20×20″ prints are $1,500
30×30″ prints are $3,000
In 2003 Ruth and I were photographing at the end of September in Colorado when a friend told us about the large aspen forests in the Kebler Pass area. We went there that day and found what is now our favorite place to photograph aspen trees in the fall.
We were traveling in our camper van and parked overnight just off a small obscure dirt road in a quiet grove of smaller aspen trees. In the morning I got up and went for a walk in the woods. The sun was rising but not yet shining on the forest, so the light was soft and enveloping, the forest silent and private. The air was damp and there was no wind, which brought out the sweet nutlike fragrance of the fallen aspen leaves.

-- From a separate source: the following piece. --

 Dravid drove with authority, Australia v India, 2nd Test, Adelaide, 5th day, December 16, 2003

Although I was surrounded on all sides by a forest which was full of soft light and beautiful trees I wasn’t seeing a way to convey this through a photograph. After about 40 minutes of quiet but intense searching I saw a detailed section of the forest which caught my eye. Viewed from this particular standpoint the trees lined up in a lovely progression of shapes and the feeling of enveloping, almost fragrant light seemed to be concentrated in this scene.

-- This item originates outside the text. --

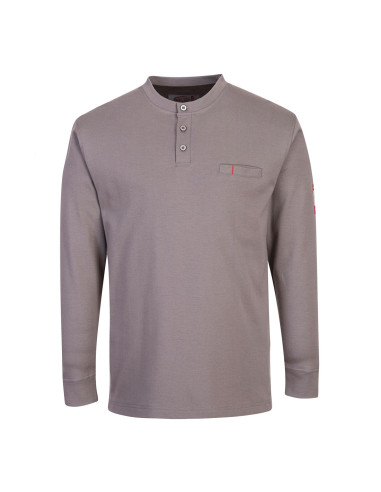 Sweter trudnopalny i antystatyczny Portwest FR32 Bizflame Szary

I set up my Hasselblad camera and used my 300mm Tele-Superachromat lens with its matched 1.7x Apo-Mutar teleconverter which makes it into a superb 510mm lens. There were only 170 of these lenses produced. It is has perfect color rendering combined with the highest resolution of any lens for medium format work. I made an exposure at f/22 for one second on Velvia 50 film.
The image has very delicate tones. When making a print a careful balance needs to be main-tained between preserving the tonal separation and shapes of the many tree trunks and at the same time show the quality of the soft light which illuminated the forest that morning. I was finally able to make a successful Cibachrome print of this image six years later in 2009.